I don’t believe point-null hypothesis tests (e.g., Bayes factors or their approximations like the Savage-Dickey test which brms uses) make any sense in these sorts of experiments because the probability a contrast or effect of interest is precisely zero is zero. A reasonable and meaningful alternative is a ROPE test, which gives the probability a contrast is within a range of sizes that can be meaningfully considered negligible. I would argue for that type of test.
Thank you again.
And my last question. I used LOO validation with the below models:
fit1 <- brm(response ~ 0 + Intercept + contrast + language + contrast:language + (1 | subject), data = test, family = bernoulli("logit"), prior = prior, sample_prior = "yes")
fit2 <- brm(response ~ 0 + Intercept + contrast + language + contrast:language + (1 | subject) + (1 | contrast), data = test, family = bernoulli("logit"), prior = prior, sample_prior = "yes")
fit3 <- brm(response ~ 0 + Intercept + contrast + language + contrast:language + (1 | subject) + (1 | language), data = test, family = bernoulli("logit"), prior = prior, sample_prior = "yes")
fit4 <- brm(response ~ 0 + Intercept + contrast + language + contrast:language + (1 | subject) + (1 |contrast) + (1 |language), data = test, family = bernoulli("logit"), prior = prior, sample_prior = "yes")
elpd_diff se_diff
fit4 0.0 0.0
fit1 0.0 0.3
fit2 -0.3 0.3
fit3 -0.5 0.2
Do you think that the random factors I used are OK? Any suggestions?
The second and fourth models have contrast
as both a fixed effect and as a random grouping factor (the thing to the right of the | symbol), which doesn’t make sense because you are estimating it once as an unpooled variable and then again with partial pooling. Same problem with language
in the third and fourth models. That explains why the LOO values are essentially identical.
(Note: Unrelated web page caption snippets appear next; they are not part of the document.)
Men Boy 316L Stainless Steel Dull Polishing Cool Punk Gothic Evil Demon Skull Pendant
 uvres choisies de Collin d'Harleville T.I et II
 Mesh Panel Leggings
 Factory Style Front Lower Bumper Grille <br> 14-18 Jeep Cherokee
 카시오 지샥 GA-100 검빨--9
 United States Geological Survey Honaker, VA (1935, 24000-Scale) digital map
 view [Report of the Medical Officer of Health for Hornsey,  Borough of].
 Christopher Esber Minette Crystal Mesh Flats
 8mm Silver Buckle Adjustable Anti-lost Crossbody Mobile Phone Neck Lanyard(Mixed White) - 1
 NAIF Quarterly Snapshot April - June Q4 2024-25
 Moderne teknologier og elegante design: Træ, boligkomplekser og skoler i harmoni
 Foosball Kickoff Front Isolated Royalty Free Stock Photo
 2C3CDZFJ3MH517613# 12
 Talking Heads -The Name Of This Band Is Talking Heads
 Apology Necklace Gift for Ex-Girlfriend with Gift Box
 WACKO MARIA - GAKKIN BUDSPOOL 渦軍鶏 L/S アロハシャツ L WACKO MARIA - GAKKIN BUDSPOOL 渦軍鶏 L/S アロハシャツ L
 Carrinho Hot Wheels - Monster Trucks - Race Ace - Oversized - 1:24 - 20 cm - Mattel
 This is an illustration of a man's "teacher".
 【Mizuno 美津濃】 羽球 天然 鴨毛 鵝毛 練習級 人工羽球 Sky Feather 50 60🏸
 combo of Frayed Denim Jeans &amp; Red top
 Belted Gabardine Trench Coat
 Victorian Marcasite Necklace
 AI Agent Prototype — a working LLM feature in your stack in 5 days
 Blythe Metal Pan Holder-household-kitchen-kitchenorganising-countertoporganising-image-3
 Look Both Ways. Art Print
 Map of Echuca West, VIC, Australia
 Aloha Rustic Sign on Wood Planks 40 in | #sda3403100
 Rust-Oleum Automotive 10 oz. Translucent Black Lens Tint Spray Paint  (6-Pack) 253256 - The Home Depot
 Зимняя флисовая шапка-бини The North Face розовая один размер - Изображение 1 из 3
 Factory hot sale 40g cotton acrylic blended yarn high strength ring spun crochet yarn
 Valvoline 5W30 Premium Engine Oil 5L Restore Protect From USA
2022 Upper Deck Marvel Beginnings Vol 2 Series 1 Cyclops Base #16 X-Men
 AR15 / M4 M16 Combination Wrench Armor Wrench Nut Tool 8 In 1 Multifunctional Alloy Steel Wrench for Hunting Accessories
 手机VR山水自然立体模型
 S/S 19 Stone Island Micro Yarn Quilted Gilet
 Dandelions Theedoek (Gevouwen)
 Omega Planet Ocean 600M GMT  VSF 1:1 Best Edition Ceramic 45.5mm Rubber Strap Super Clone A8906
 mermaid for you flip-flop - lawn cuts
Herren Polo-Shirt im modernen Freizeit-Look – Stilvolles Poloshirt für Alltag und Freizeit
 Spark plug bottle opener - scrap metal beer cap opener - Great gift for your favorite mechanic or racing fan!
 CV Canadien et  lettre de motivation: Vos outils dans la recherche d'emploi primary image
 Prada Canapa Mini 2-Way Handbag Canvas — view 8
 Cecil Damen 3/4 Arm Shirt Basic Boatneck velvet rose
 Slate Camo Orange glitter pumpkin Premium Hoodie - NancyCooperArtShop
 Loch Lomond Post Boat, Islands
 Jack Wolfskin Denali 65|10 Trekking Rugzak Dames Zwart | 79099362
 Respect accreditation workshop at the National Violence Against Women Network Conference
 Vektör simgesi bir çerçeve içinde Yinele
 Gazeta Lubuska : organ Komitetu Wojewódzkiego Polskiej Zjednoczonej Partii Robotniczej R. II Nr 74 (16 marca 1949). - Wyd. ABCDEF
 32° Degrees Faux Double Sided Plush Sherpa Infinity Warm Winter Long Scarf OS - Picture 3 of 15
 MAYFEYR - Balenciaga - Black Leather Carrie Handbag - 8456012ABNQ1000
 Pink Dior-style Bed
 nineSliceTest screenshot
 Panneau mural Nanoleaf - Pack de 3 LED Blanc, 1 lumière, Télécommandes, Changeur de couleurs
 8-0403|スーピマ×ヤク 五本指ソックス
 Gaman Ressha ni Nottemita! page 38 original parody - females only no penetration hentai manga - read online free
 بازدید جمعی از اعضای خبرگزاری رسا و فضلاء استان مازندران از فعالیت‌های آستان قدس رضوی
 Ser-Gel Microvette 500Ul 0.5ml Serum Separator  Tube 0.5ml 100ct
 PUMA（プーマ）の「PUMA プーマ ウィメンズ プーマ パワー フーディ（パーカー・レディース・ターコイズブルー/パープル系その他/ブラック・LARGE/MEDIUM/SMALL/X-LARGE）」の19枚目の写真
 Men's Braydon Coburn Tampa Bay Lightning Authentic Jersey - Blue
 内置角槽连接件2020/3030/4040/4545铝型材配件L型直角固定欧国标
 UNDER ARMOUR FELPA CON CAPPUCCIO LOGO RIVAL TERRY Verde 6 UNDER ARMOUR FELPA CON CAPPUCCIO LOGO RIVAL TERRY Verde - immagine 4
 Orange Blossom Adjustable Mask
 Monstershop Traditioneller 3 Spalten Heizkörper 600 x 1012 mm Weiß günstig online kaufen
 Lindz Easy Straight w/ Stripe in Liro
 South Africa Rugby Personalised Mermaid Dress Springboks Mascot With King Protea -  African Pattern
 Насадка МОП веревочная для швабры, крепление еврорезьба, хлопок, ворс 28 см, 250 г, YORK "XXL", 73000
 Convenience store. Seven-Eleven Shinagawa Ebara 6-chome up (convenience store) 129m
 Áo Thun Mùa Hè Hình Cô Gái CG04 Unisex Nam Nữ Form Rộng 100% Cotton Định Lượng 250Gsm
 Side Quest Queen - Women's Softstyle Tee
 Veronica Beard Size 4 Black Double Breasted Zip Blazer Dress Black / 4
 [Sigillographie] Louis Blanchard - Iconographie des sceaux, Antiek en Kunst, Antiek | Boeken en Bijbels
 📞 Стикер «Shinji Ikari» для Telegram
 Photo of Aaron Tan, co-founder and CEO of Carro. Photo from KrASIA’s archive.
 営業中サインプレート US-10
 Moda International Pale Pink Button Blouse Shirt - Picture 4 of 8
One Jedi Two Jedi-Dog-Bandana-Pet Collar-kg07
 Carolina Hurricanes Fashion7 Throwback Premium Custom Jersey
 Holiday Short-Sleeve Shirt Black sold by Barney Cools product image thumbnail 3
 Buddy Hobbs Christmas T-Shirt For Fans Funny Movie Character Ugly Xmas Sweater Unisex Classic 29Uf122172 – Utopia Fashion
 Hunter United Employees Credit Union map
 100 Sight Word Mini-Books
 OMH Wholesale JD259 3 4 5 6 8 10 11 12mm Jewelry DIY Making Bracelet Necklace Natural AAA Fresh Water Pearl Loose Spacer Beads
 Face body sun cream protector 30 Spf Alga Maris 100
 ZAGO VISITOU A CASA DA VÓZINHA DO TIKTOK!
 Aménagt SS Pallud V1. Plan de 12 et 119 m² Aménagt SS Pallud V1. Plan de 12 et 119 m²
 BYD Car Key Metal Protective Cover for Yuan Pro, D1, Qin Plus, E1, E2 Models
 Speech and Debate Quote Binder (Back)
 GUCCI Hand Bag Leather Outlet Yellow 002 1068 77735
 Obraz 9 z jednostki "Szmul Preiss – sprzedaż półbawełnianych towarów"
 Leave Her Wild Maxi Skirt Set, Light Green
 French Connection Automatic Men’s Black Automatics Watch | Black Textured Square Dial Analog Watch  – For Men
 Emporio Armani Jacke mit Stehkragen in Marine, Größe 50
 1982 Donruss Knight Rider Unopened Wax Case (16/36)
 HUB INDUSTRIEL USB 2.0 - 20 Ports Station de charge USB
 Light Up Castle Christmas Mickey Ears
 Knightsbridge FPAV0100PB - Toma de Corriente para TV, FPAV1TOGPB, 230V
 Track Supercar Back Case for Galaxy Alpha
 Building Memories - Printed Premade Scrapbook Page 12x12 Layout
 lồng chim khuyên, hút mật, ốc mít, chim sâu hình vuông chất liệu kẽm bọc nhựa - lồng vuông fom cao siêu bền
The model in your first post avoids this problem – the nested random effects (1 | subject/contrast)
equates to (1 | subject) + (1 | subject:contrast)
and neither subject
nor subject:contrast
are fixed effects in that model.
So, would the below make sense?
fit1 <- brm(response ~ 0 + Intercept + contrast + language + contrast:language + (1 | subject), data =
test, family = bernoulli("logit"), prior = prior, sample_prior = "yes")
fit2 <- brm(response ~ 0 + Intercept + contrast + language + contrast:language + (1 | subject/contrast),
data = test, family = bernoulli("logit"), prior = prior, sample_prior = "yes")
fit3 <- brm(response ~ 0 + Intercept + contrast + language + contrast:language + (1 | subject/language),
data = test, family = bernoulli("logit"), prior = prior, sample_prior = "yes")
fit4 <- brm(response ~ 0 + Intercept + contrast + language + contrast:language + (1 |
subject/contrast/language), data = test, family = bernoulli("logit"), prior = prior, sample_prior = "yes")
elpd_diff se_diff
fit2 0.0 0.0
fit4 -0.8 0.5
fit3 -71.4 11.7
fit1 -71.5 11.8
I don’t know how the term (1 | subject/contrast/language)
is parsed in R. If it is equivalent to (1 | subject) + (1 | subject:contrast) + (1 | subject:contrast:language)
, all the above formulas make sense because the specified grouping factors never appear as a fixed effect in the same formula. Also ensure that the data is nested as specified, the model passes the usual diagnostics (Rhat, ESS, etc), and there are several observations at each level of the grouping factor. For example, is there more than one observation at each level of subject:contrast:language
? If not, there is no good reason to include that term.
Great, this is useful! Thank you once again!